▶ WHAT TO DO: Exactly as they appear, transcribe the entries and skip any pictures.

▶ RECORDS FOR THE EXERCISE:

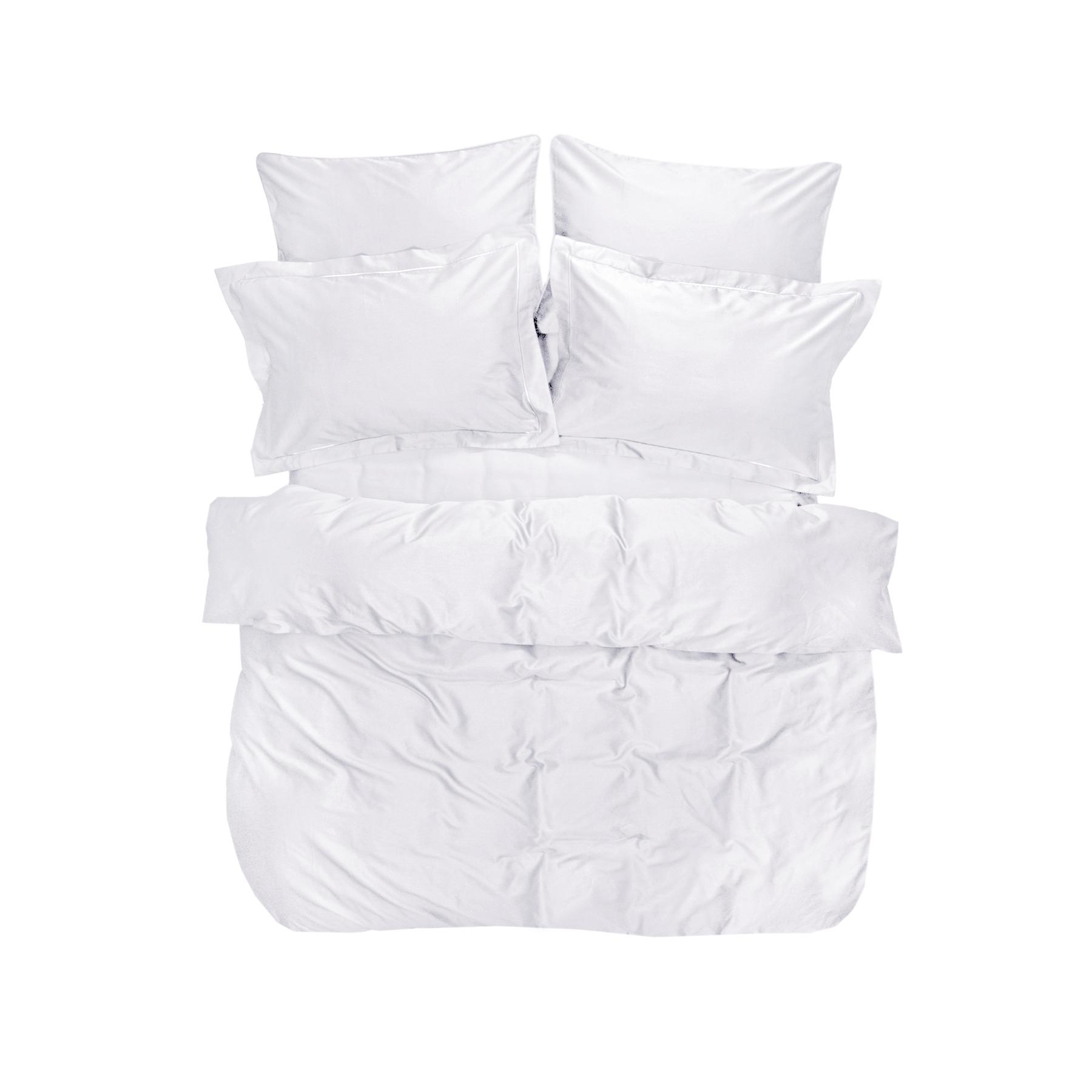 Підковдра з наволочками Penelope Lia 260х240 см + 50х70 см 2 шт. Білий (13513222) - фото 3 Підковдра з наволочками Penelope Lia 260х240 см + 50х70 см 2 шт. Білий (13513222) - фото 3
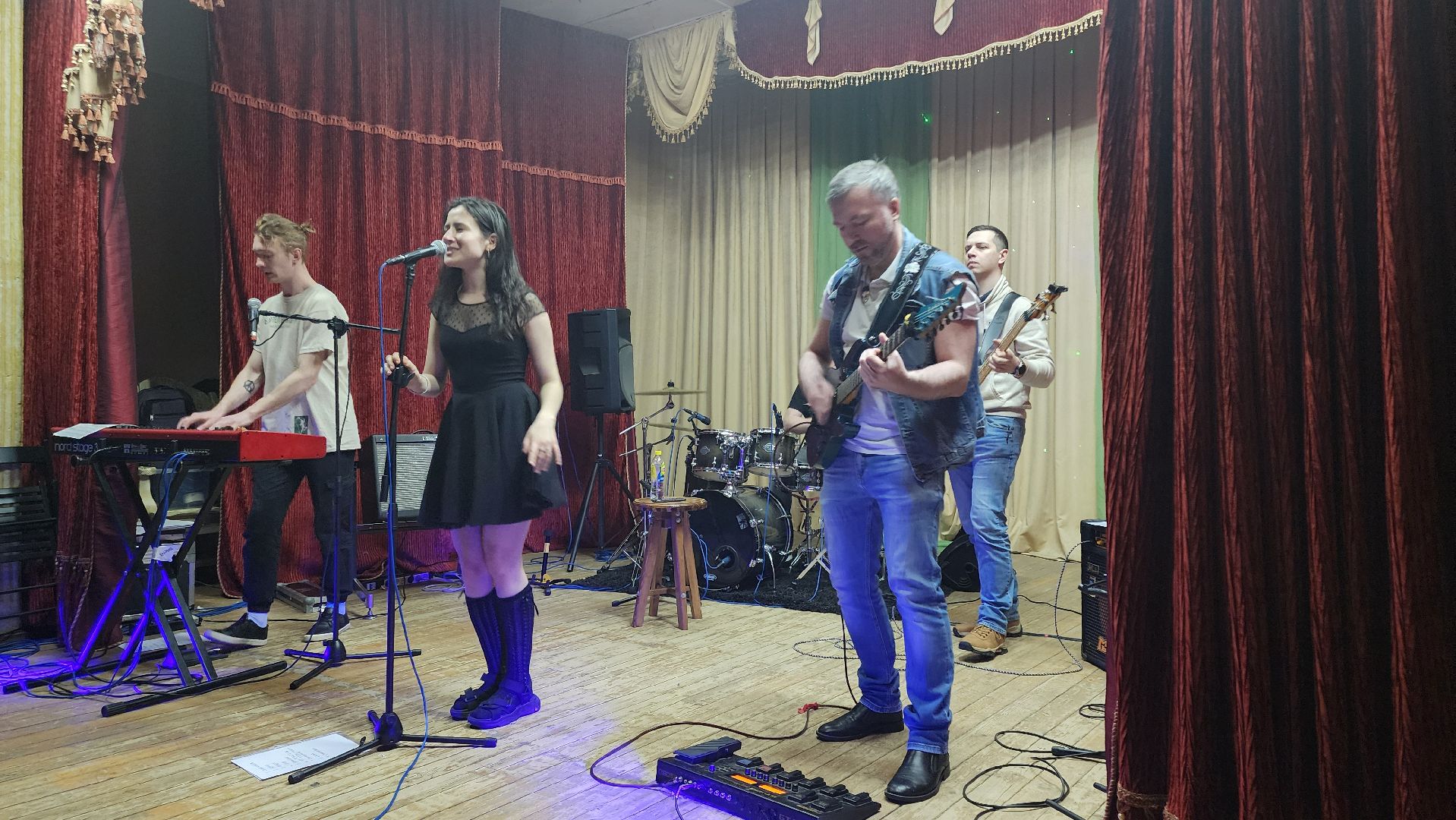 кашира, ток галактика, голос галактики, рок концерт, орбитами, Дон Кихот, 2к1, блюз,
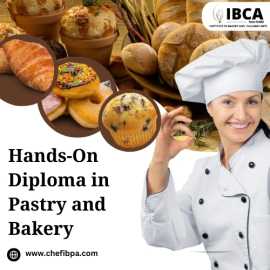 Hands-On Diploma in Pastry and Bakery, Delhi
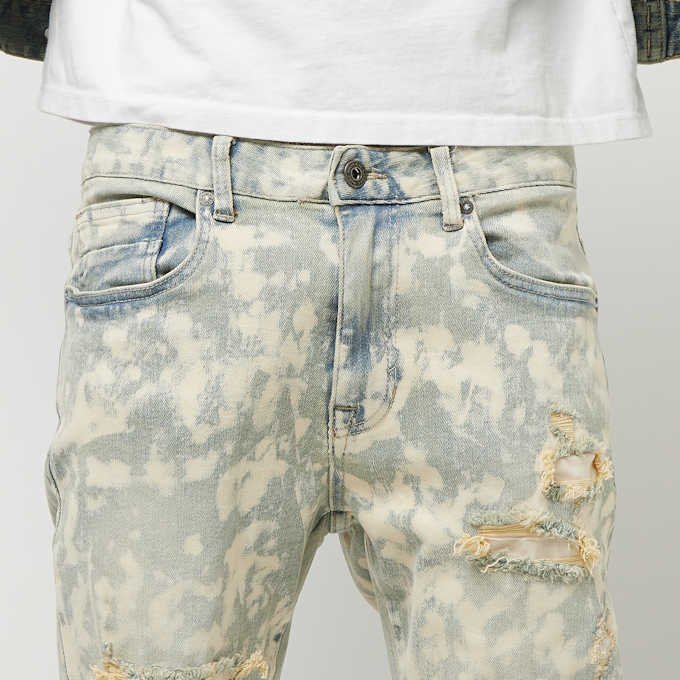 Smoke Rise Lazy Stack Jean niebieski 30388 3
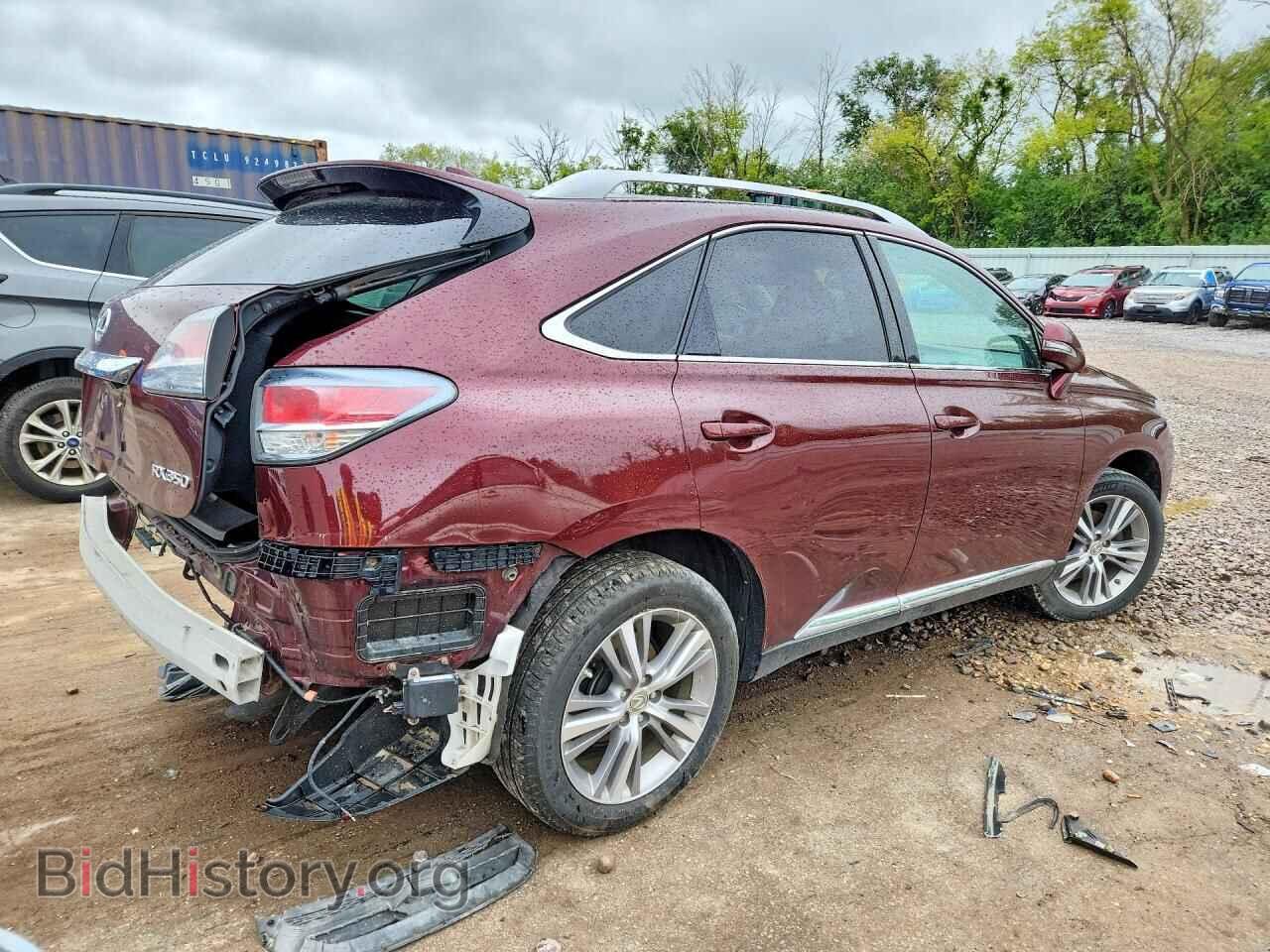 2015 LEXUS RX350 - VIN: 2T2BK1BA0FC257409 - Photo 3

▶ RESPONSE AREA:
 Підковдра з наволочками Penelope Lia 260х240 см + 50х70 см 2 шт. Білий (13513222) - фото 3 Підковдра з наволочками Penelope Lia 260х240 см + 50х70 см 2 шт. Білий (13513222) - фото 3
 кашира, ток галактика, голос галактики, рок концерт, орбитами, Дон Кихот, 2к1, блюз,
 Hands-On Diploma in Pastry and Bakery, Delhi
 Smoke Rise Lazy Stack Jean niebieski 30388 3
 2015 LEXUS RX350 - VIN: 2T2BK1BA0FC257409 - Photo 3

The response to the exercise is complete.